Назначить самого себя на пост колумниста-советчика по личным вопросам – весьма высокомерный поступок (впрочем, для меня это в порядке вещей). Но я оправдал его, предложив создать колонку советов иного сорта – нелицеприятную и брутально честную. Конструктивный дефект идеи состоял в том, что я представлял себе Лапочку личностью, женщиной с непростым прошлым и слегка несдержанной на язык. И хотя бывали моменты, когда она казалась мне реальной, а я чувствовал сердечную боль своих корреспондентов, но все же чаще я притворялся, обходясь остроумием там, где меня подводило сердце. Спустя год я оставил эту должность.
И это могло бы привести к кончине Лапочки, если бы примерно в то же время я не наткнулся на одно биографическое эссе Шерил Стрэйд. Я знал Шерил как автора прекрасного и мучительного романа «Факел». Когда я прочел это эссе – жгучее воспоминание о неверности и скорби, оно подарило мне трепещущее ощущение наития. Я написал ей и спросил, не хочет ли она взять на себя роль Лапочки.
Это была безумная просьба. Как и у меня, у Шерил дома было двое маленьких детей, куча долгов и никакой постоянной работы. Последнее, что ей было нужно в жизни, – это колонка онлайн-советов, за которую ничего не заплатят. Разумеется, у меня был припасен туз в рукаве: Шерил написала первое и единственное письмо от имени фана, которое я получил, выступая в роли Лапочки.
* * *
Колонка, положившая начало феномену Лапочки, была написана в ответ на письмо, которое любой другой человек, не задумываясь, выбросил бы в корзину. Дорогая Лапочка, писал (предположительно) некий молодой человек.

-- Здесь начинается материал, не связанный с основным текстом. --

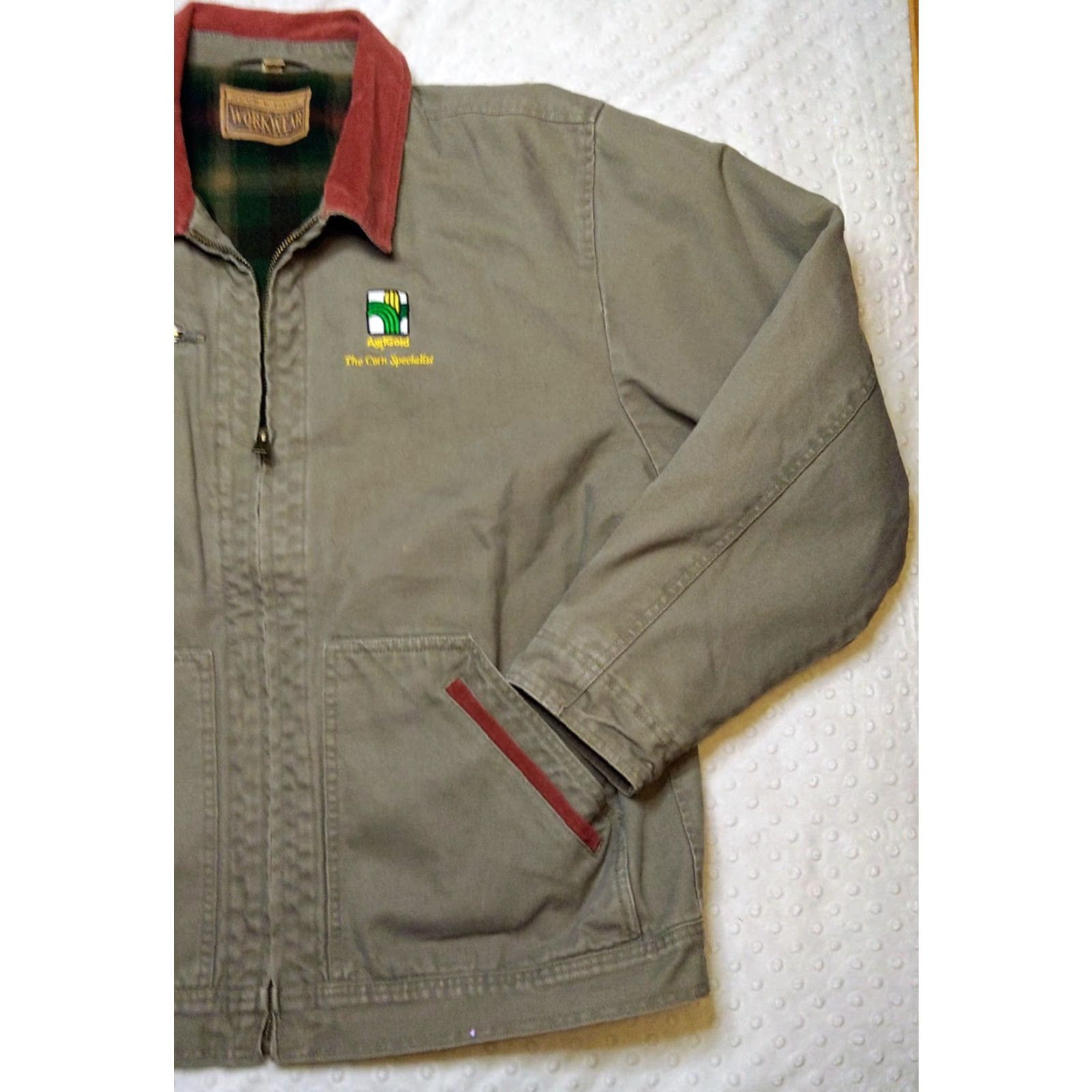 Vintage VINTAGE Swingster Workwear Jacket XL Gray Canvas Cotton Short Zip Hooded Lined Pockets Mens 90s USA Outdoor Classic Vintage Style Size US XL / EU 56 / 4 - 2 Thumbnail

ЧЗХ, ЧЗХ, ЧЗХ?[1]Я задаюсь этим вопросом, поскольку он применим ко всему и в любой день. Ответ Шерил начинался так:
Дорогой ЧЗХ!
Отец моего отца заставлял меня дрочить ему, когда мне было три года, и четыре, и пять. Получалось у меня так себе. Руки мои были слишком малы, я не могла правильно поймать ритм и не понимала, что делаю. Знала только, что заниматься этим не хочу. Знала, что это делает меня несчастной и рождает во мне особую тошнотворную тревогу; я чувствую, как та самая особенная тошнота поднимается в моей глотке в эту минуту.
Это был беспрецедентный момент. Колумнисты-советчики в конечном счете придерживаются неписаного кодекса: фокусироваться на авторе письма, отмерять необходимую дозу успокоительного, заставлять невыносимое воспринимать как сносное. Откровения по поводу собственных сексуальных обид не являются частью этого кодекса.
Но Шерил не просто старалась шокировать некоего неоперившегося юнца, вызвав у него сострадание. Она отождествляла природу своей миссии с Лапочкой. Непредсказуемые невзгоды поджидают любого из нас. Это была ее отправная точка. Жизнь – это не какая-нибудь нарциссическая игра, в которую играют онлайн. В качестве доказательства она предлагала рассказ о личном стремлении осмыслить жестокость, которую впитала еще до того, как стала достаточно взрослой, чтобы понять ее. Задавай достойные вопросы, сладкая моя горошинка, завершала она с трогательной мягкостью. Эта хрень – твоя жизнь. Ответь ей.
Как и многие другие, я читаю эту колонку со слезами на глазах – именно так люди и читают Лапочку. Это был не какой-то абстрактный зануда-советчик, копающийся в перечне современных патологических состояний, а настоящее человеческое существо, способное бесстрашно обнажаться на публике, чтобы мы могли понять природу собственных затруднительных ситуаций.
* * *
Кстати, я полагаю, что Америка умирает от одиночества. Мы, американцы, всем миром купились на лживую мечту о комфорте и отвернулись от деятельного участия в собственной жизни – источника неудобных чувств, обратив свои взоры к безумному обольщению, которое наши друзья из Алчного Бизнеса именуют Свободным Рынком.